**Source data**

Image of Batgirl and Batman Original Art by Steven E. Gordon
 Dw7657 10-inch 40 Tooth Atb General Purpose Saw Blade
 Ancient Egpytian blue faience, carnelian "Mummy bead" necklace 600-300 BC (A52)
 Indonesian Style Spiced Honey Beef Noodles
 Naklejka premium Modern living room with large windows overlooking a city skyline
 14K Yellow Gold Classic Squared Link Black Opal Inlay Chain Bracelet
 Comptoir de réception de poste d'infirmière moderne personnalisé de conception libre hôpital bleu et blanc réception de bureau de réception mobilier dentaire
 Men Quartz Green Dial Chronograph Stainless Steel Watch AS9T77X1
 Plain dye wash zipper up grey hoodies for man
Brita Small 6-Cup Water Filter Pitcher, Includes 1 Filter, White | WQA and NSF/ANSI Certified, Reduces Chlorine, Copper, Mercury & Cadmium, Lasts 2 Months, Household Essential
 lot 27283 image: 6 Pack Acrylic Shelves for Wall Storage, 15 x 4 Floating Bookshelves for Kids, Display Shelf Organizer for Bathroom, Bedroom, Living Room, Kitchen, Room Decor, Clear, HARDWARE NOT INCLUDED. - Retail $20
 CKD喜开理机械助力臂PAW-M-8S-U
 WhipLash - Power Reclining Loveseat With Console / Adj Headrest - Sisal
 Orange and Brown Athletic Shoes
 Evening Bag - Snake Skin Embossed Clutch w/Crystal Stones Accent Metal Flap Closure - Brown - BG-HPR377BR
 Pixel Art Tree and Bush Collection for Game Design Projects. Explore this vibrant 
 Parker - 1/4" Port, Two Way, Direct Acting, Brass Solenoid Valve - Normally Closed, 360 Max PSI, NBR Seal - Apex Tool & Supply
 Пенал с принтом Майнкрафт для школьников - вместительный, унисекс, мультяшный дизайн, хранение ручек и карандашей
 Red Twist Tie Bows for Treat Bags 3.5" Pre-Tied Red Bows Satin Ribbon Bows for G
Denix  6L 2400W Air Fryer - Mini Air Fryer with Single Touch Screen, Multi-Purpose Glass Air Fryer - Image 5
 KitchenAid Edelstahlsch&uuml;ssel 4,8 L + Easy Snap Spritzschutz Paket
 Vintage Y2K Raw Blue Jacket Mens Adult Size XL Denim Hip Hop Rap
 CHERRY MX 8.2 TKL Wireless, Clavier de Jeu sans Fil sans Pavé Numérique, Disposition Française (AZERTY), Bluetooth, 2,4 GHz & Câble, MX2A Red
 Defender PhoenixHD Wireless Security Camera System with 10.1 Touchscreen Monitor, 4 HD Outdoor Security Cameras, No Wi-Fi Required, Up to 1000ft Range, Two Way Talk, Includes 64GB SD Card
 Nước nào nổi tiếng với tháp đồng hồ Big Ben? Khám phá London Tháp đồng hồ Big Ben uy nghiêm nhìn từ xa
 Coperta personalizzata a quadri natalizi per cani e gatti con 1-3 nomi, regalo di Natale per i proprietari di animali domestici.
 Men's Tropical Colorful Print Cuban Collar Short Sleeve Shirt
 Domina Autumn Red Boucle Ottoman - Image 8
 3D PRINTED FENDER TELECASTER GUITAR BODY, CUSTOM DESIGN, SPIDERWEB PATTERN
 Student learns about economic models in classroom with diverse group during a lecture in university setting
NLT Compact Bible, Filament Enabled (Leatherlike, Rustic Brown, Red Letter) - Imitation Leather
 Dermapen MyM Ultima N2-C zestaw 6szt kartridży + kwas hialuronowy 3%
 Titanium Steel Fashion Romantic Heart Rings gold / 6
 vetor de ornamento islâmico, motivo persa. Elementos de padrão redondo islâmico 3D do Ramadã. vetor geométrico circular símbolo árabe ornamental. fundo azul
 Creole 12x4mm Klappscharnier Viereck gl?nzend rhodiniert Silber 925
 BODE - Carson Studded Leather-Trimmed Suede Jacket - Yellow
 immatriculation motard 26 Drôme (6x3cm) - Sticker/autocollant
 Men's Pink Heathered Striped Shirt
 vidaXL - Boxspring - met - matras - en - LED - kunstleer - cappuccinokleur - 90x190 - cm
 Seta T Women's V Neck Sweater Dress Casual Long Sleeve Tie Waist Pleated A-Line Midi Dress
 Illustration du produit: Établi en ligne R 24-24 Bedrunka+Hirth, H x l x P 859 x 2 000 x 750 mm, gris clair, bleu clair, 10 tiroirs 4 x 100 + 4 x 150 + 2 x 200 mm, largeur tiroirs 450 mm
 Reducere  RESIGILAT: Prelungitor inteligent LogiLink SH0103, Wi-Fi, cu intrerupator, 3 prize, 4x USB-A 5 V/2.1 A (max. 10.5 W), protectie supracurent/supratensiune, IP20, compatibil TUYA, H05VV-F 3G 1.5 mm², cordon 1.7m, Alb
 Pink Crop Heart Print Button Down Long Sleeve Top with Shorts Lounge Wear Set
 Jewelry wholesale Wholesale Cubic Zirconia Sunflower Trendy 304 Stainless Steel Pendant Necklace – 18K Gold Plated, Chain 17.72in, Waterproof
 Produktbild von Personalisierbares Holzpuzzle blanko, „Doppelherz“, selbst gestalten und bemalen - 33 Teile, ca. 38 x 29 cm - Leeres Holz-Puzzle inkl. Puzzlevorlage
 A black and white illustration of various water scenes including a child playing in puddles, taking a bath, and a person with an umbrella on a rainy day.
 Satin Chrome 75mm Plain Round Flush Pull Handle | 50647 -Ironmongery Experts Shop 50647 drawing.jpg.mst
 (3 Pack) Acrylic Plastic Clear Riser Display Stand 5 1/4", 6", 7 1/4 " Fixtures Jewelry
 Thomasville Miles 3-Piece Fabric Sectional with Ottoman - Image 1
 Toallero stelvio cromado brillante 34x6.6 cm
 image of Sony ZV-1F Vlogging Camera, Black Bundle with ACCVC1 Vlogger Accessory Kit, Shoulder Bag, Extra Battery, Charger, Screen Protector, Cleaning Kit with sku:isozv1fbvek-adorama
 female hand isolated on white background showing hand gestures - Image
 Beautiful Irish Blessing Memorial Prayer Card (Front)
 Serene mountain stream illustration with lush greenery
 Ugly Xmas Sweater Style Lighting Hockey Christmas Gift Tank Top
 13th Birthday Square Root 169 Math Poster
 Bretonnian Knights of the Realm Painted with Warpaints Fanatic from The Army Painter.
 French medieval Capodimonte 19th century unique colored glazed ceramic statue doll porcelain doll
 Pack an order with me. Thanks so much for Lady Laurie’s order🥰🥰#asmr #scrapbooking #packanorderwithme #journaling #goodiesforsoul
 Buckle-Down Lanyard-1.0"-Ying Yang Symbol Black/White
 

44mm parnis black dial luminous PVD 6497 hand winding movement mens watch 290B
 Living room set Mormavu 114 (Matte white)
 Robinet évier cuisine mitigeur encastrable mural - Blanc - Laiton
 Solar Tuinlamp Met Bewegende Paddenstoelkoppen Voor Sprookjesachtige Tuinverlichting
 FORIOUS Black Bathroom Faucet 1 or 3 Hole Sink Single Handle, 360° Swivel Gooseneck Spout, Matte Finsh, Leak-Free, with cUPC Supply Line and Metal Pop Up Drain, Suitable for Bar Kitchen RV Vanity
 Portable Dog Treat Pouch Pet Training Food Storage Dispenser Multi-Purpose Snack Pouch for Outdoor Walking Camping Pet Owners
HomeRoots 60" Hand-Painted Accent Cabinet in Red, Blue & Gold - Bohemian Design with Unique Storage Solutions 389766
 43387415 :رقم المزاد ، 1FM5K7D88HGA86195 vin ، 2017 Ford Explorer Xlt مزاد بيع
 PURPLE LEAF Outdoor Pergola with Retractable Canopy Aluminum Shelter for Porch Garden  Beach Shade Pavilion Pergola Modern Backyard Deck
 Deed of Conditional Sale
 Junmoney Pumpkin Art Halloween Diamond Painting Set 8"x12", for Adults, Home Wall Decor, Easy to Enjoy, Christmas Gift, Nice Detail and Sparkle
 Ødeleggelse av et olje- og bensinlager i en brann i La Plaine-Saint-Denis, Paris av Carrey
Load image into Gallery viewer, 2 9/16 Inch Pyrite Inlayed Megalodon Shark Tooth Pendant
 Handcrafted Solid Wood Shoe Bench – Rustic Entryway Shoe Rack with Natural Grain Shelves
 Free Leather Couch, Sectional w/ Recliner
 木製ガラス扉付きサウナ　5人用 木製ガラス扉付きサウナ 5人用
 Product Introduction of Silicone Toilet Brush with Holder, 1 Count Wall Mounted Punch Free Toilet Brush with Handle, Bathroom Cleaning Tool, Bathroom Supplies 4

**Required action**
Output exactly the lines of the material above from the one containing "cordon 1.7m, Alb" up to and including the one containing "Bretonnian Knights of".

**Exercise result**
 Reducere  RESIGILAT: Prelungitor inteligent LogiLink SH0103, Wi-Fi, cu intrerupator, 3 prize, 4x USB-A 5 V/2.1 A (max. 10.5 W), protectie supracurent/supratensiune, IP20, compatibil TUYA, H05VV-F 3G 1.5 mm², cordon 1.7m, Alb
 Pink Crop Heart Print Button Down Long Sleeve Top with Shorts Lounge Wear Set
 Jewelry wholesale Wholesale Cubic Zirconia Sunflower Trendy 304 Stainless Steel Pendant Necklace – 18K Gold Plated, Chain 17.72in, Waterproof
 Produktbild von Personalisierbares Holzpuzzle blanko, „Doppelherz“, selbst gestalten und bemalen - 33 Teile, ca. 38 x 29 cm - Leeres Holz-Puzzle inkl. Puzzlevorlage
 A black and white illustration of various water scenes including a child playing in puddles, taking a bath, and a person with an umbrella on a rainy day.
 Satin Chrome 75mm Plain Round Flush Pull Handle | 50647 -Ironmongery Experts Shop 50647 drawing.jpg.mst
 (3 Pack) Acrylic Plastic Clear Riser Display Stand 5 1/4", 6", 7 1/4 " Fixtures Jewelry
 Thomasville Miles 3-Piece Fabric Sectional with Ottoman - Image 1
 Toallero stelvio cromado brillante 34x6.6 cm
 image of Sony ZV-1F Vlogging Camera, Black Bundle with ACCVC1 Vlogger Accessory Kit, Shoulder Bag, Extra Battery, Charger, Screen Protector, Cleaning Kit with sku:isozv1fbvek-adorama
 female hand isolated on white background showing hand gestures - Image
 Beautiful Irish Blessing Memorial Prayer Card (Front)
 Serene mountain stream illustration with lush greenery
 Ugly Xmas Sweater Style Lighting Hockey Christmas Gift Tank Top
 13th Birthday Square Root 169 Math Poster
 Bretonnian Knights of the Realm Painted with Warpaints Fanatic from The Army Painter.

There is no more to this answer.